Quelles étapes ont-elles déjà été franchies ? Que reste-t-il à réaliser ?

Au-delà du succès de la fusion des services de la DDE et de la Ddaf dans le Lot au 1er janvier dernier, les travaux concernant l'expérimentation menés ont à ce jour déjà permis de structurer deux des trois DG opérationnelles : celles du Territoire et de la Population.
La DG Population comprend quatre services : "Insertion des populations", "Offre de santé", "Développement de l'emploi et insertion professionnelle", "Vie associative et éducation citoyenne". Et elle regroupe quatre missions : "Mission accueil général du public", "Mission de coordination", "Mission égalité entre les hommes et les femmes", "Mission délivrance des titres".
Il en va de même pour la DG Territoire, qui comprendra cinq services : "Agriculture et développement", "Santé animale et sécurité alimentaire", "Environnement et risques", "Aménagement de l'espace et du paysage", "Ingénierie d'appui territorial". Ses cinq missions transversales seront intitulées "Mission développement durable", "Mission système d'information des territoires", "Mission qualité architecturale et urbanisme", "Mission sécurité routière", "Mission conseil en gestion et management".
Pour s'occuper de la structuration respectivement de la DG Logistique et de la DG Stratégie, deux groupes de travail et deux "groupes miroirs" composés des représentants des syndicats ont été créés ce début d'année.
En ce qui concerne la DG des ressources Humaines et de la logistique, le but est de faire émerger des propositions quant à la gestion des ressources humaines, la gestion des fonctions budgétaires et comptables, l'immobilier et la logistique, l'informatique et les systèmes d'information, dans le souci d'avancer vers une mutualisation la plus poussée possible.
Concernant la DG Stratégie et collectivités locales, les propositions doivent porter sur des thèmes relatifs à la coordination interministérielle, la cohérence de l'action territoriale de l'Etat, le suivi opérationnel de la Lolf, la veille juridique, le contrôle de gestion d'une part et, d'autre part, le contrôle de légalité, le contrôle budgétaire, le conseil juridique aux élus, l'assistance aux porteurs de projets, le suivi des fonds d'intervention de l'Etat, l'intelligence territoriale et le développement économique des collectivités locales.

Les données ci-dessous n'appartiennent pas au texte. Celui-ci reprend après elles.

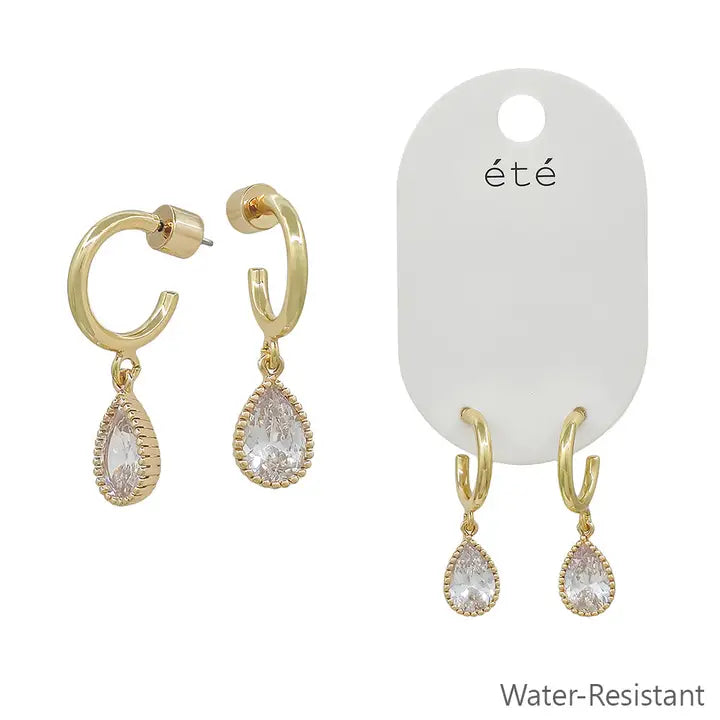 Gold Huggie teardrop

Le résultat de leur travail sera intégré aux démarches de la réforme dès juillet prochain.

Combien d'agents sont-ils concernés par le projet ?

Cette réforme concernera environ 550 fonctionnaires issus des services placés sous l'autorité directe du préfet : la préfecture et les deux sous-préfectures, les services déconcentrés départementaux à savoir DDE, Ddaf, Ddass, DDTEFP, DDJS, Sdap, DDSV. Les forces de sécurité y seront aussi bientôt engagées en qualité de services associés : DDSP, RG, gendarmerie et Sdis.

Cette réforme conduit-elle enfin à un redéploiement des effectifs ?

Oui. Au sein de ces services de la nouvelle DG Population par exemple, sont regroupés des agents de la Ddass, de la DDTEFP, de la DDJS et de la préfecture. Pour la DG Territoire, les agents seront issus de l'ex-DDE, de l'ex-Ddaf, du Sdap, de la DDSV et de la préfecture.
Dans cette nouvelle configuration, les directions départementales n'existent plus en tant que telles, mais les agents gardent leurs statuts et leur appartenance à leur corps et ministère d'origine.

Quelles sont les principales difficultés ?

La réforme engagée dans le Lot constitue une action innovante, pas seulement dans son étendue mais également par sa méthode. C'est en effet la première fois qu'une réforme de cette envergure n'émanera pas du niveau central mais viendra de l'échelon territorial. En tant que réforme conduite par et sur le terrain, la difficulté majeure est de rompre avec les schémas d'organisation traditionnels, marqués par une approche bureaucratique, verticale et segmentaire des services. Une autre difficulté qui en découle concerne le manque de souplesse des procédures réglementaires de gestion des moyens en personnel ou financiers. Enfin, il faut développer une nouvelle forme de management des personnels basé sur la performance réalisée et la mobilité.